Midge Decter doesn't get it.
In a piece in Monday's New York Post, Decter juxtaposes the Civil War's massive body count with the triple-digit death toll among Americans in Iraq. Contemporary Americans going wobbly over Iraq, this contrast seems to suggest, shames our ancestors who endured much worse.
And they did, but the Civil War was a contest fought over things worth fighting for--union or independence, freedom or slavery--worth dying for.
What are our young men and women dying for in Iraq? To combat mythic Iraqi connections to 9/11, a barely-existent nuclear weapons program, and weapons of mass destruction that Iraqis couldn't find when their country was invaded (for the same reason that Americans can't find them now that they have overrun Hussein's armies).

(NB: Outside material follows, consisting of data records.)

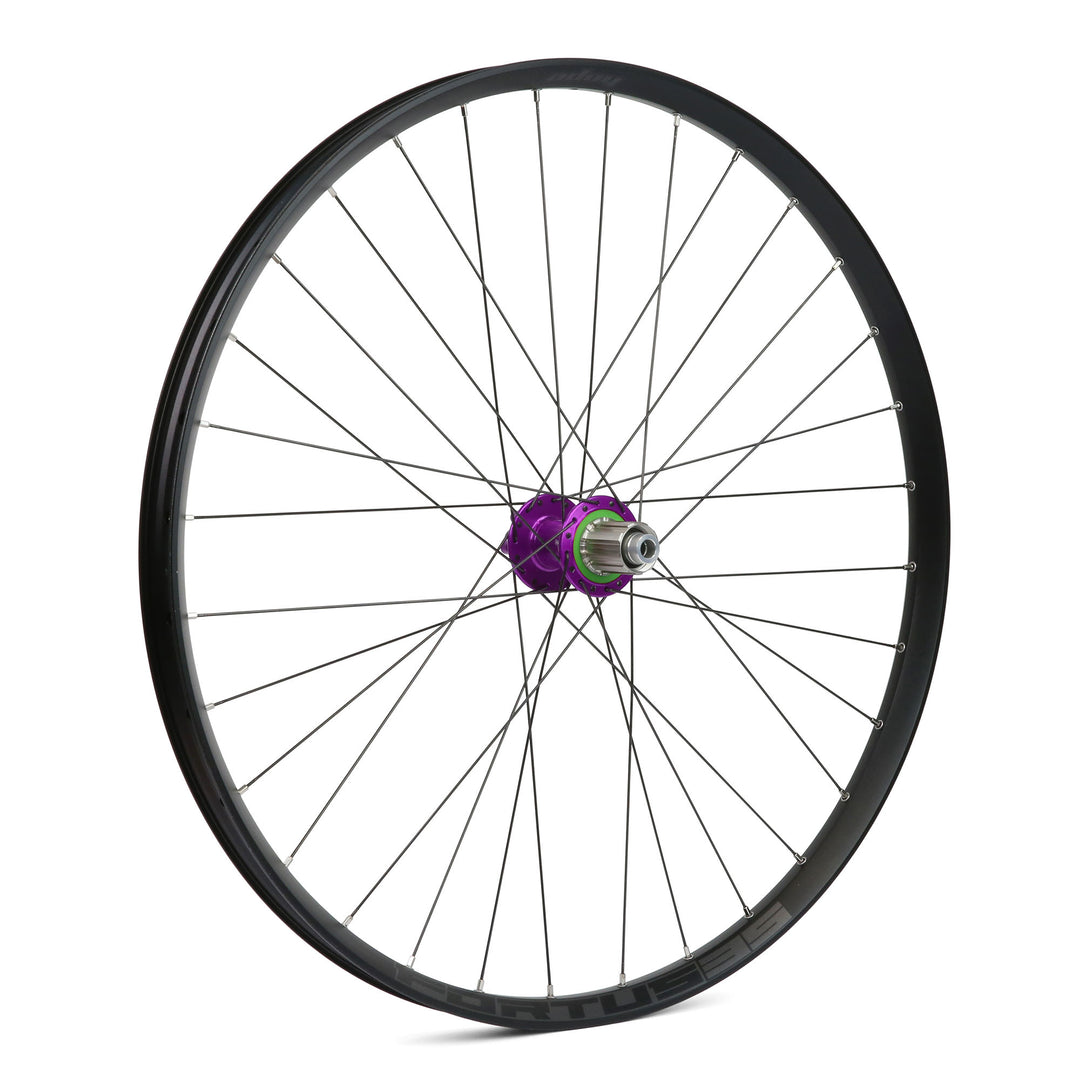 Hope Fortus 35W Rear Wheel 29" Purple Boost Shimano Steel Freehub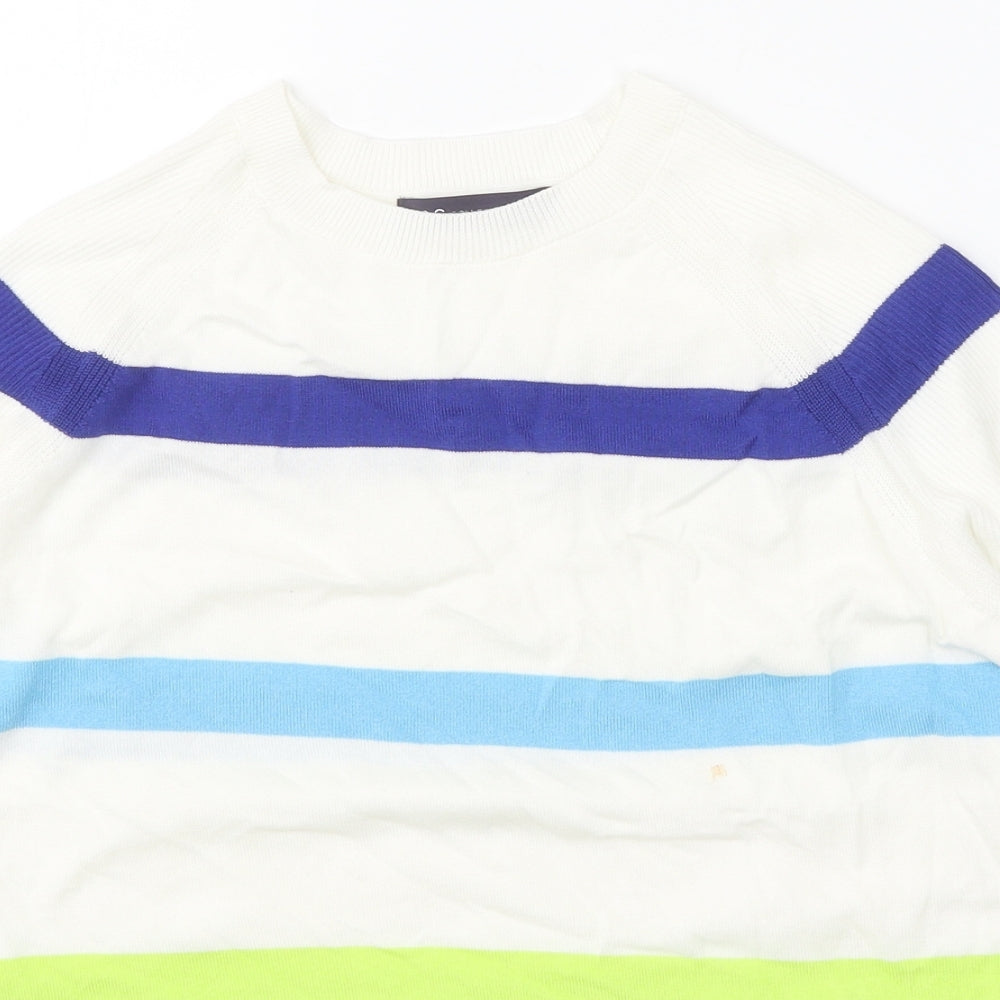 Womens UK Size M Marks and Spencer White Pullover Jumper
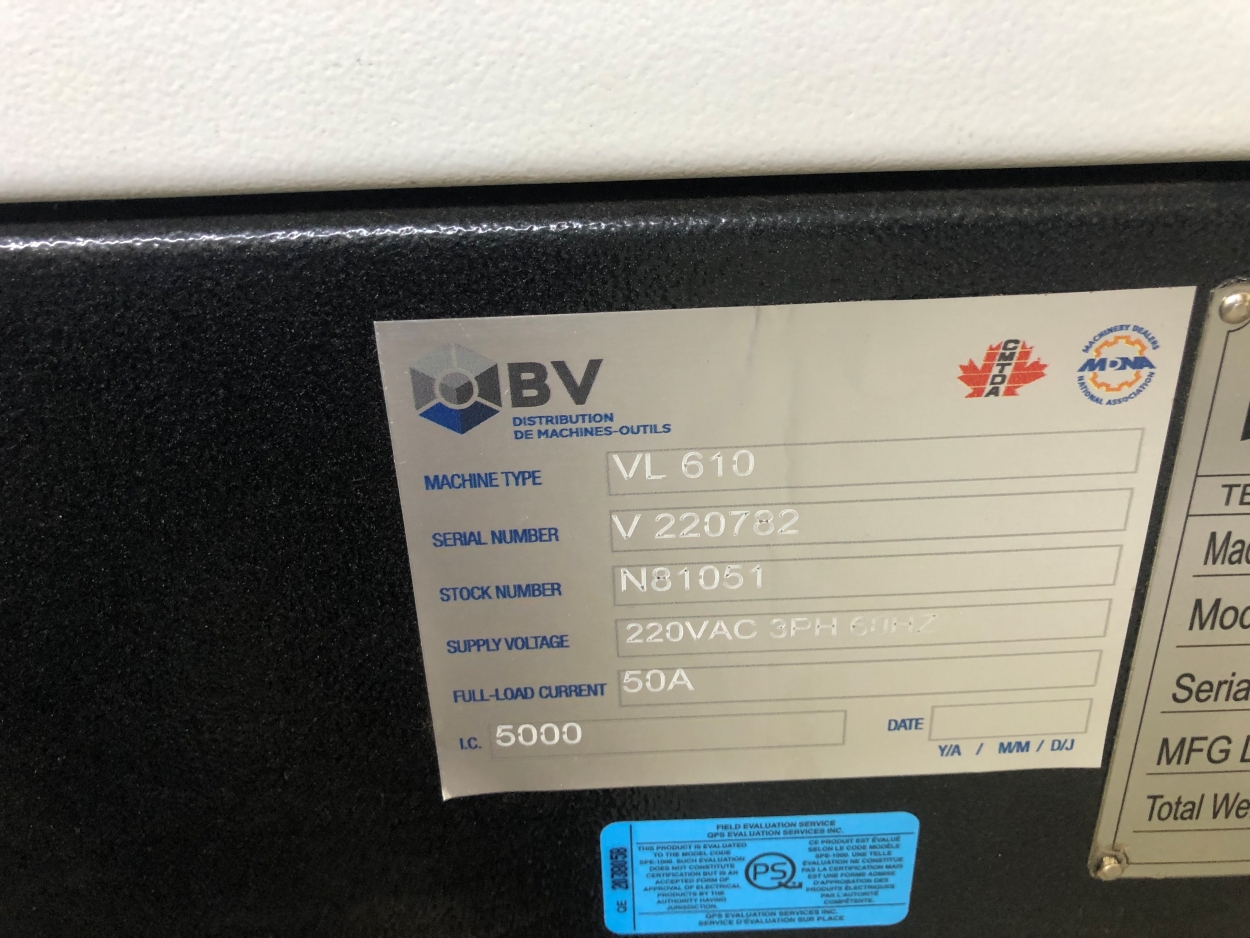 Centre d'usinage Cnc MANFORD VL-610 – Image 5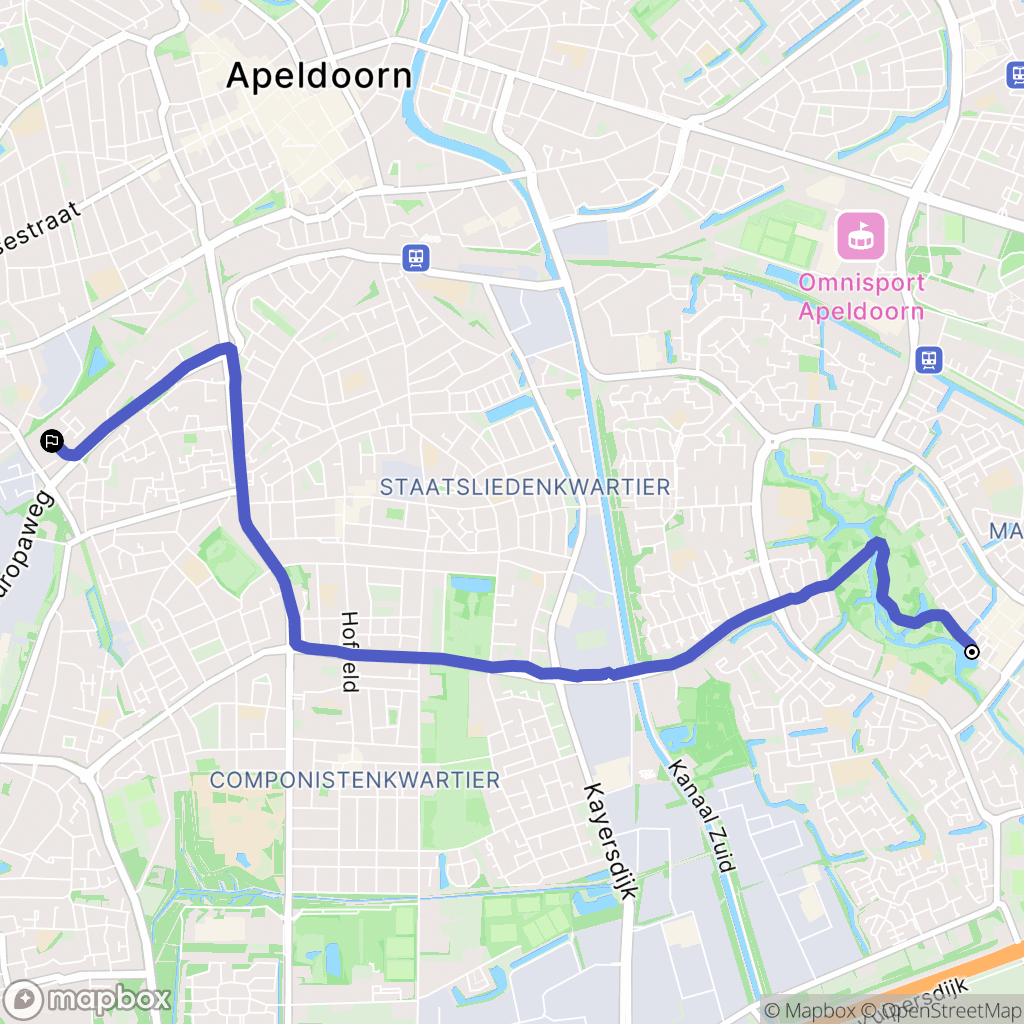 Apeldoorn: routekaart voor buitenactiviteiten - Netherlands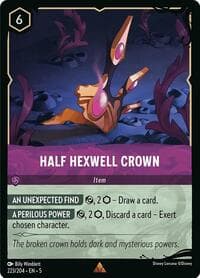 Half Hexwell Crown - Illumineer's Quest: Deep Trouble - Disney Lorcana card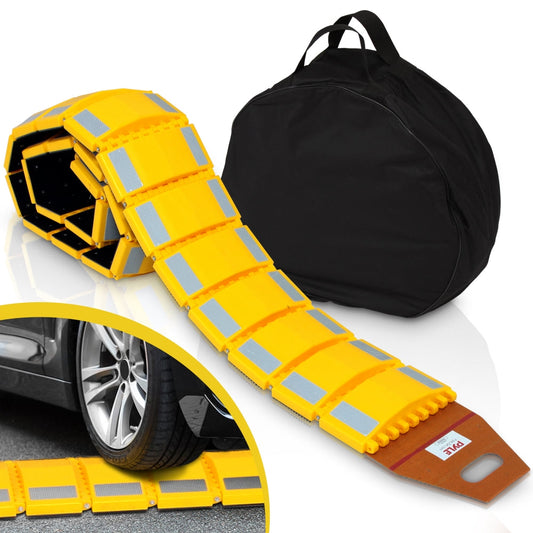 Portable Speed Bump - Quick Deploy, Reinforced Polypropylene, Yellow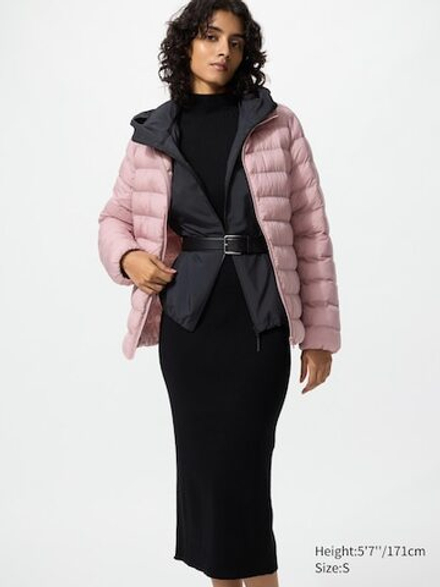 UNIQLO КУРТКА PUFFERTECH, РОЗОВЫЙ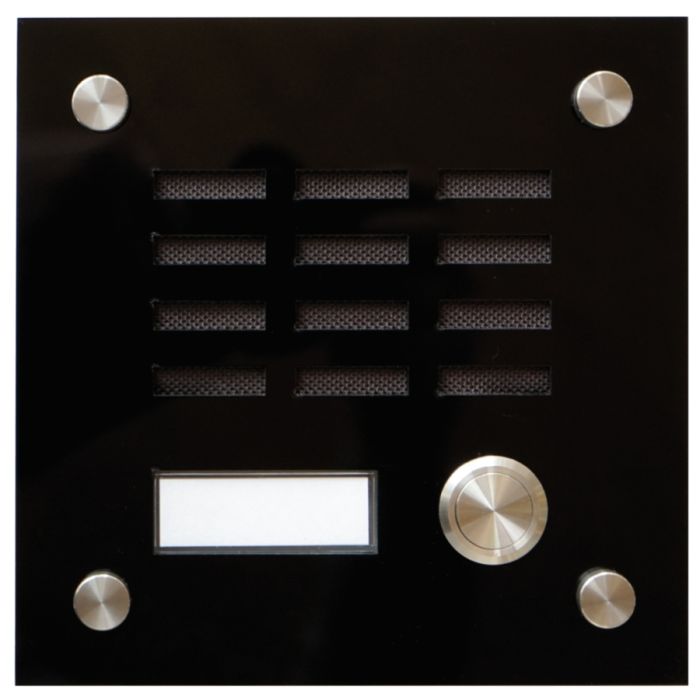 L-TEK Türstation Technik 1 schwarz für Fritzbox, Speedport - a/b Port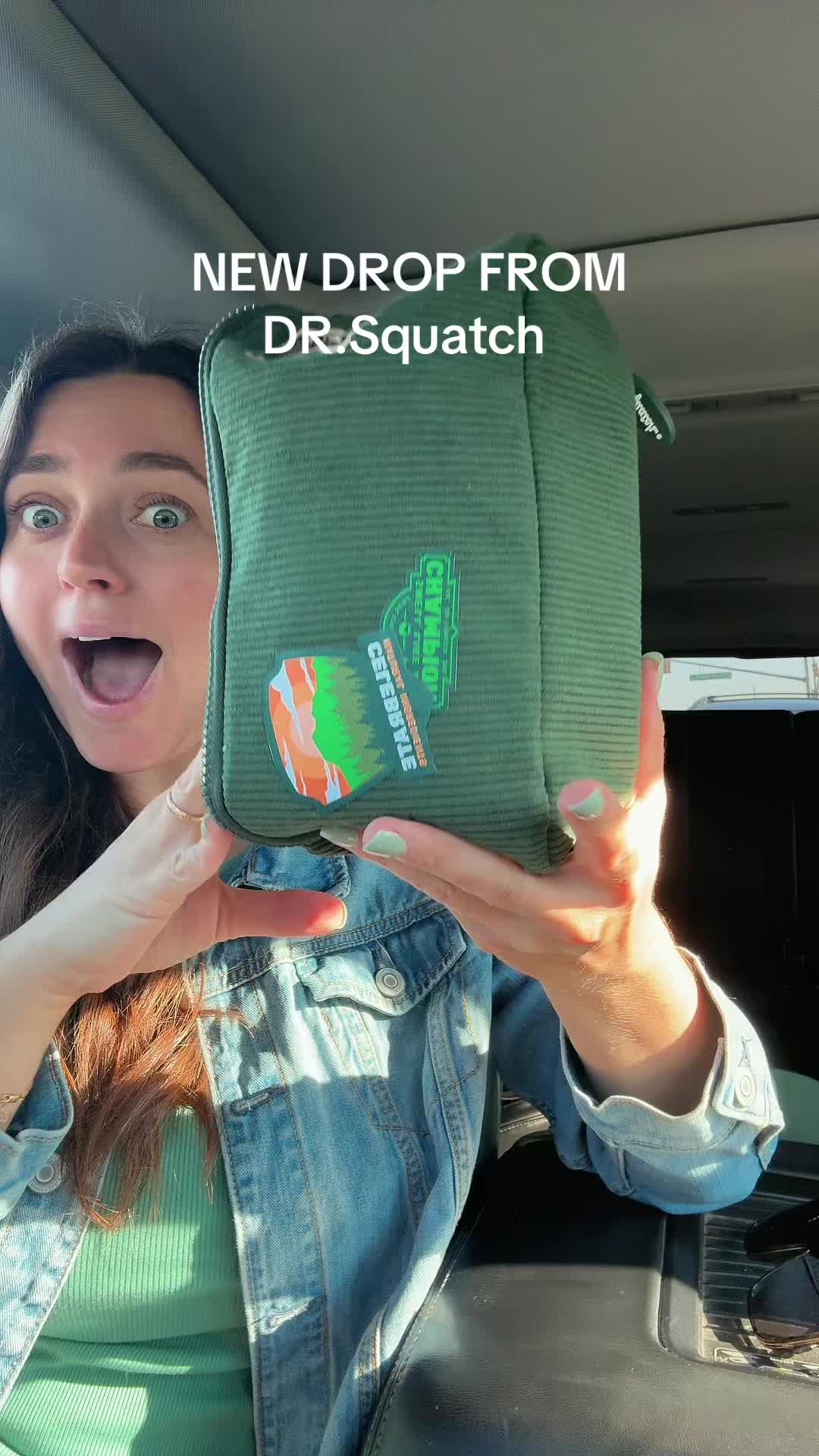 TikTok post by @jaydee.lauren for Dr. Squatch. Caption reads: @Dr. Squatch Making the men smell good!!! [...].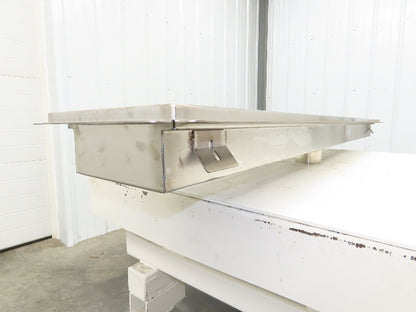 Regency 600FT1272SS 12" x 72" 14-Gauge Stainless Steel Floor Trough NSF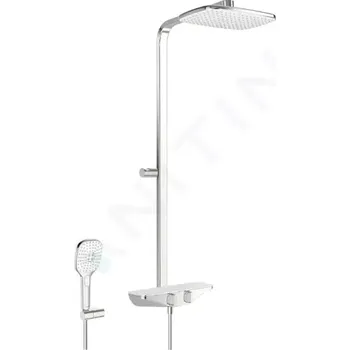 Sprchový set Hansa Sprchový set s termostatem, 36x22 cm, 3 proudy, bílá/chrom 5865017182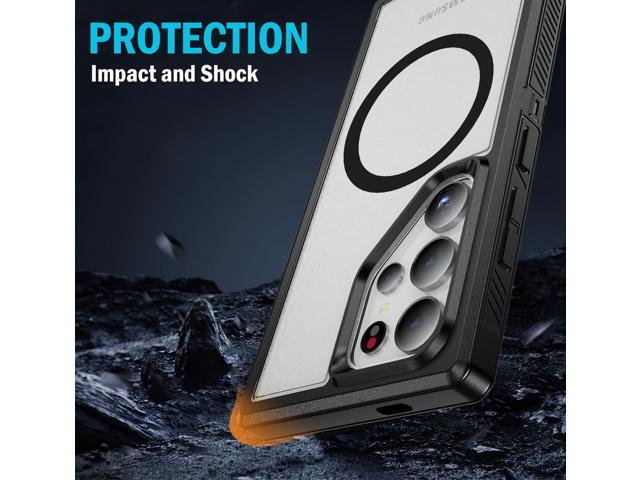 Tough Case for Galaxy S25 Ultra 5G - Compatible with MagSafe - Clear/Black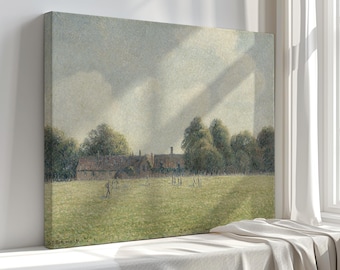 Pissarro Hampton Court Green Canvas Print: Vintage Style Wall Art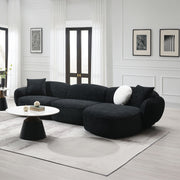Lucifer Sectional Sofa w/3 Pillows - LV03525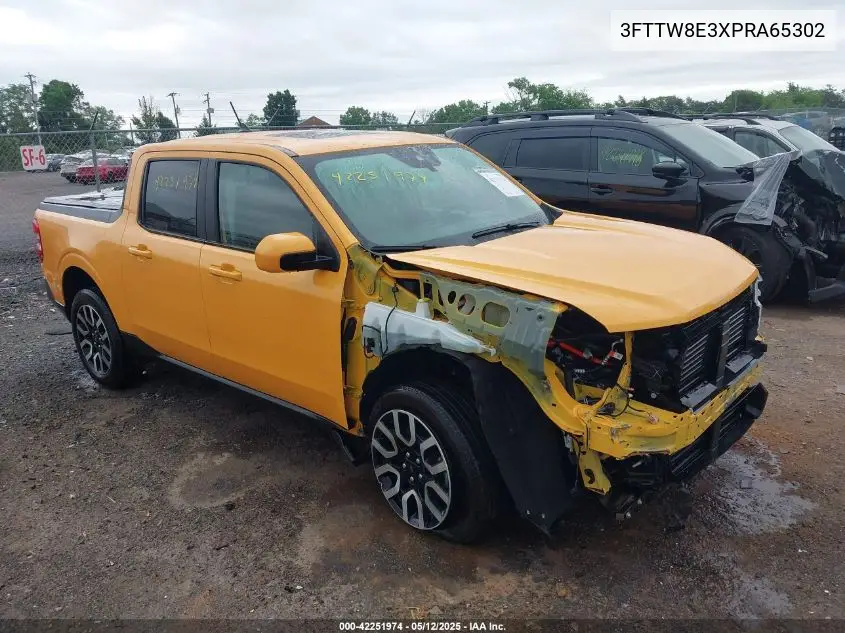 2023 Ford Maverick Lariat VIN: 3FTTW8E3XPRA65302 Lot: 42251974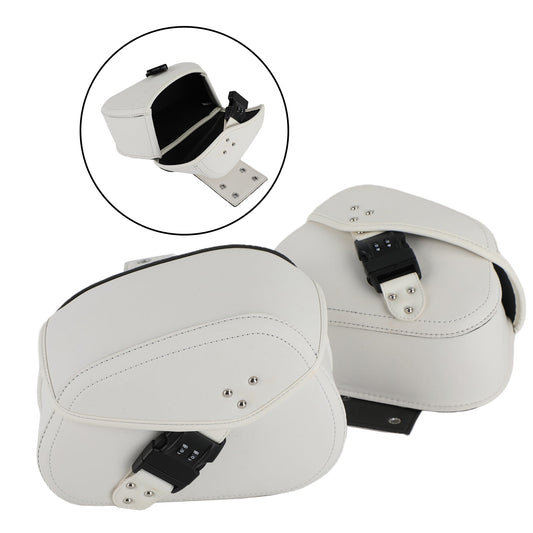 Left,Right Saddlebag Fit For Motorcycle or Bike Universal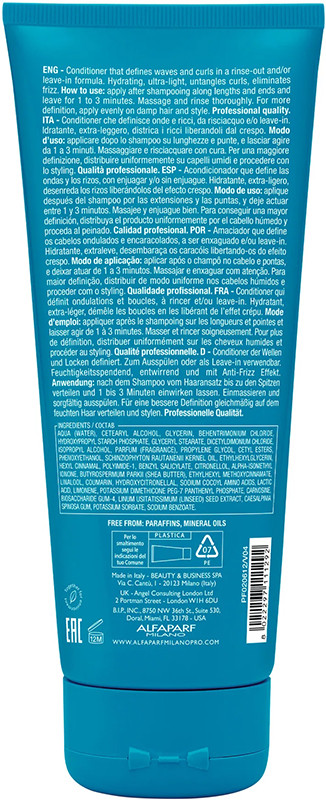 Кондиционер для вьющихся волос SDL Curls Enhancing Conditioner Alfaparf 200 мл  Фото 2 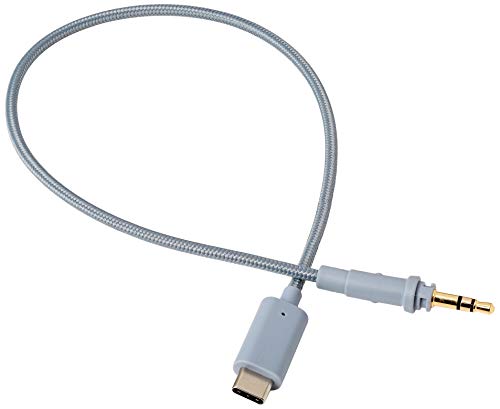 C61 - Straight Woven - Grey - USB-C 29cm ストレートケーブル made for Google TMA-2 【AIAIAI JAPAN 正規品】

Decter contends that "an outcry is being staged--and 'staged' is the word--over casualties amounting to a few hundred" in Iraq. But this outcry isn't "staged." And the anger isn't because "a few hundred" Americans are dead. Americans are dying in pursuit of terrorists in Afghanistan, for instance, but nobody but the lunatic fringe opposes that military action.
The deaths of our soldiers, sailors, airmen, and Marines will always bother Americans. When those deaths serve vital national interests, we mourn but understand.
Americans are willing to fight and die for things worth fighting and dying for. Abstractions like nation building, righting all the world's wrongs, and imposing Western democracy on a people who either don't want it or aren't ready for it don't meet that basic criterion.
It's why Americans die in Iraq, not simply that they die, that outrages so many Americans.